EXERCISE INSTRUCTIONS: Except for the pictures, reproduce the records word for word.

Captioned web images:
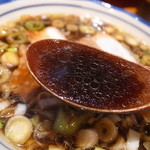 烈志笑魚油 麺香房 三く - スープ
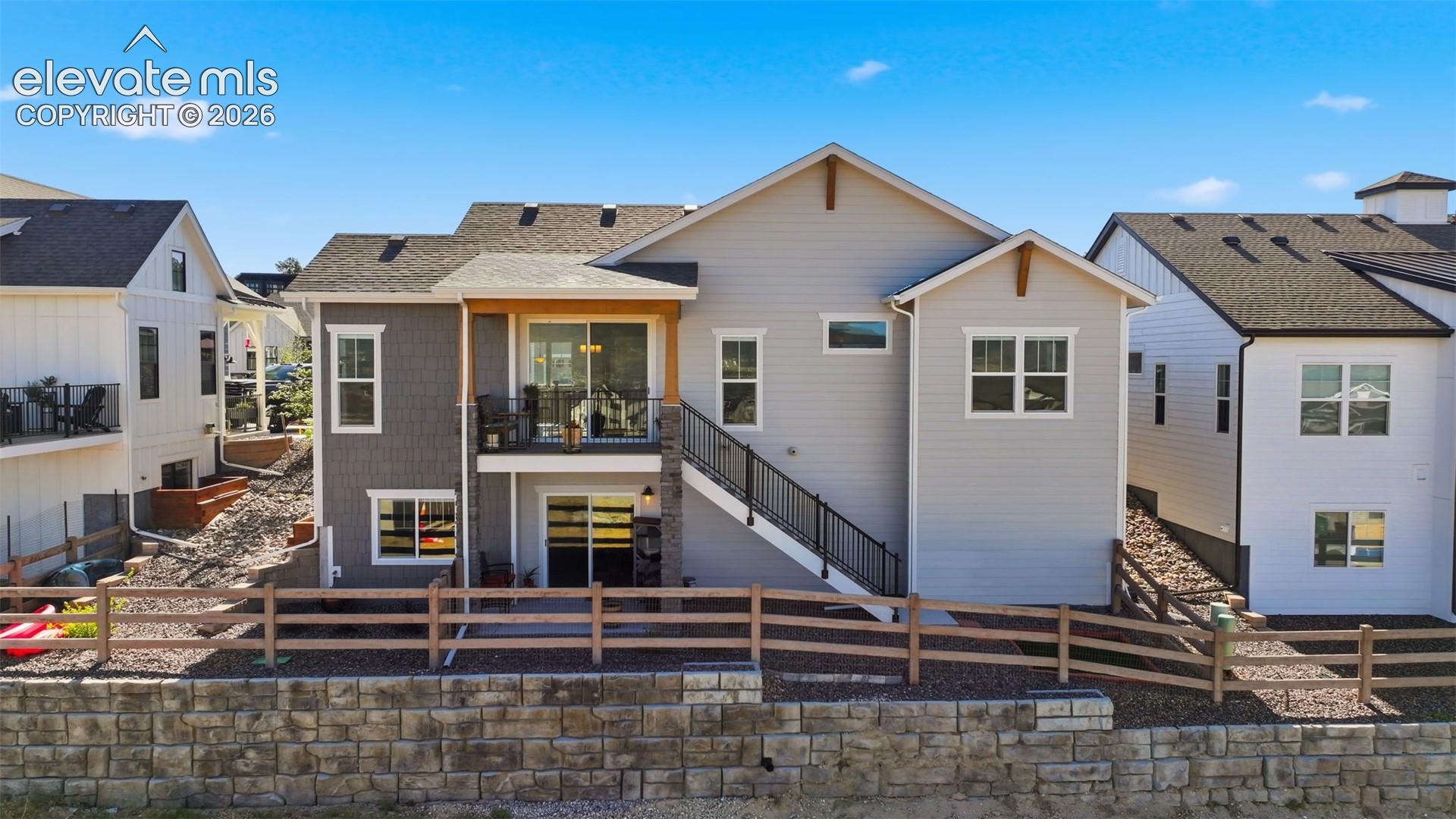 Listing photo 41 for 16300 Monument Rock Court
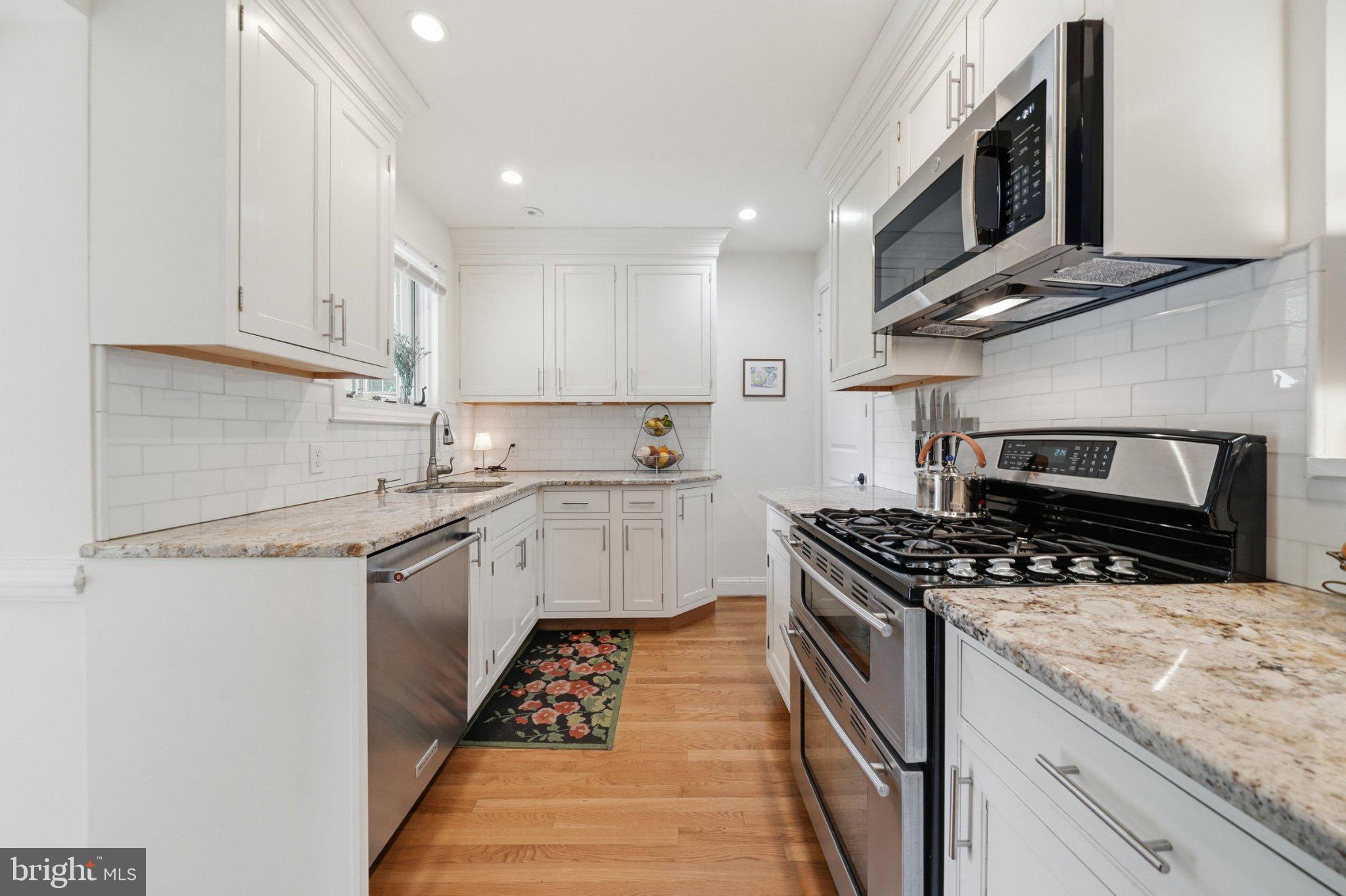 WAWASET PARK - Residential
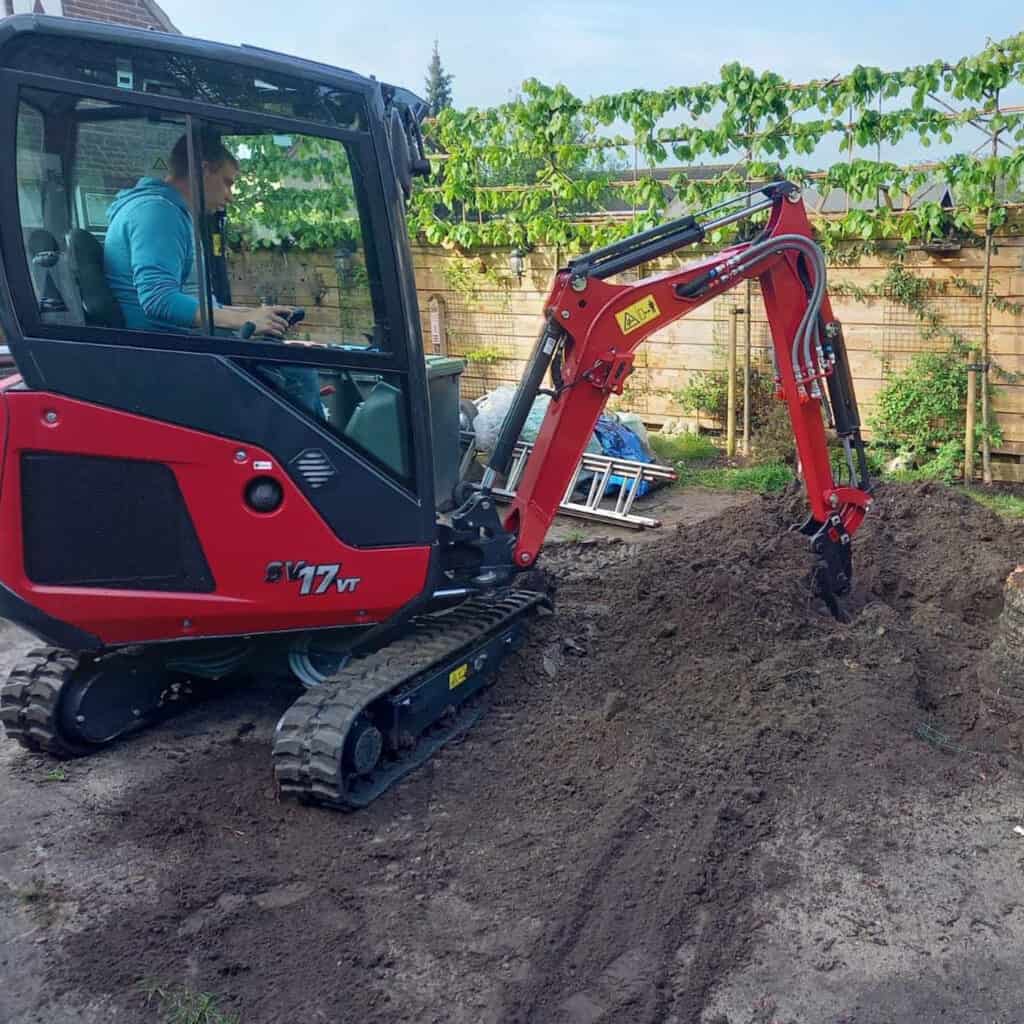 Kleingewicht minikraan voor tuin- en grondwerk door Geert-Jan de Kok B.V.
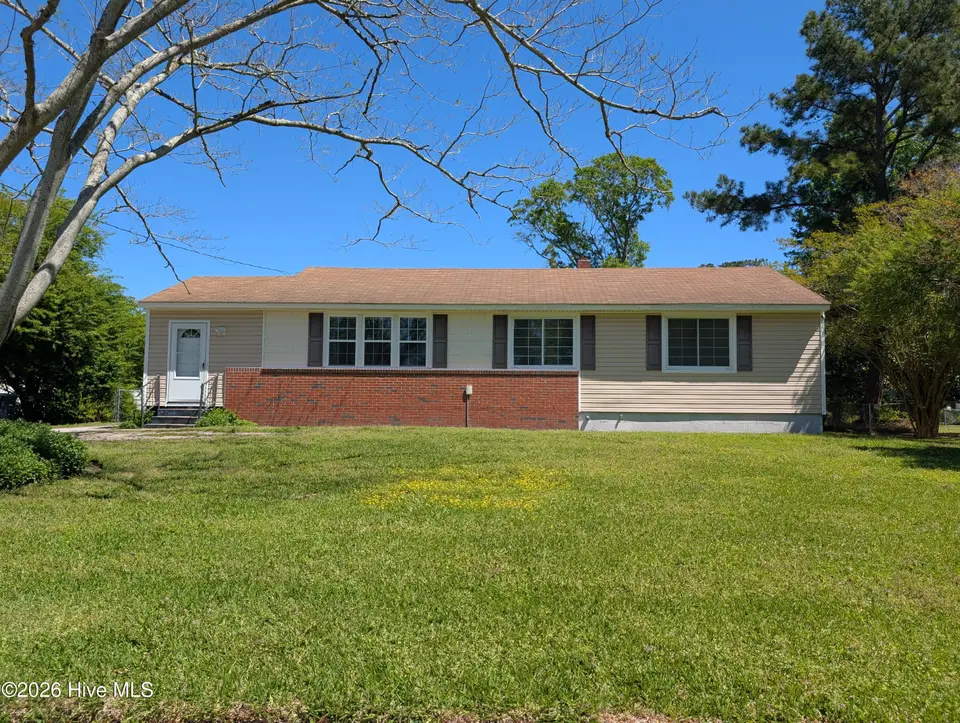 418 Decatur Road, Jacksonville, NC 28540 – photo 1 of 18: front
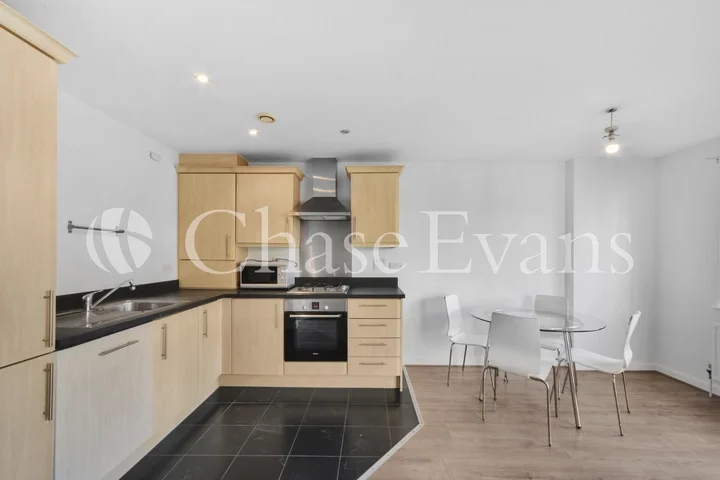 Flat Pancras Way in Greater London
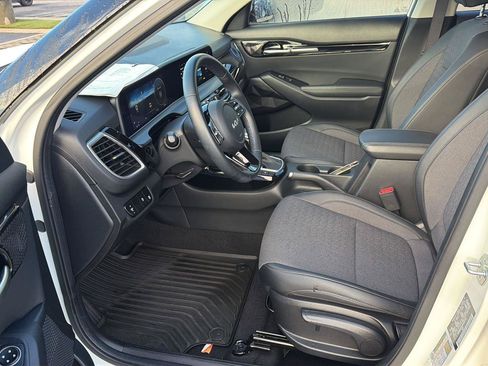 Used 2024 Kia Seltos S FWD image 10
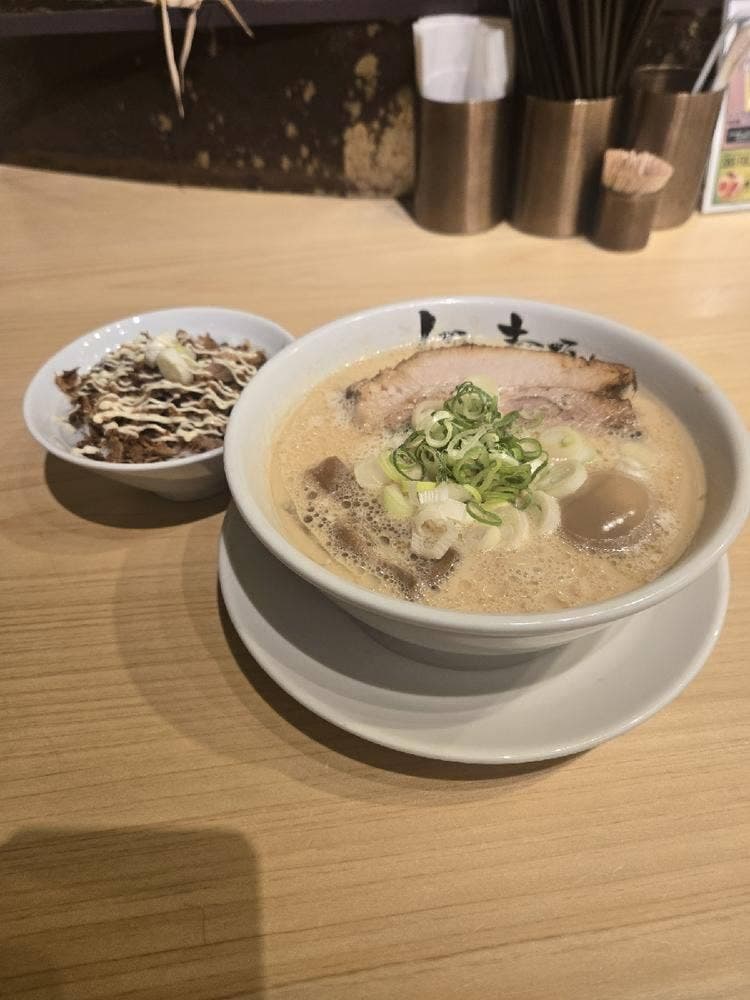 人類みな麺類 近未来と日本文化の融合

EXERCISE OUTPUT:
 烈志笑魚油 麺香房 三く - スープ
 Listing photo 41 for 16300 Monument Rock Court
 WAWASET PARK - Residential
 Kleingewicht minikraan voor tuin- en grondwerk door Geert-Jan de Kok B.V.
 418 Decatur Road, Jacksonville, NC 28540 – photo 1 of 18: front
 Flat Pancras Way in Greater London
 Used 2024 Kia Seltos S FWD image 10
 人類みな麺類 近未来と日本文化の融合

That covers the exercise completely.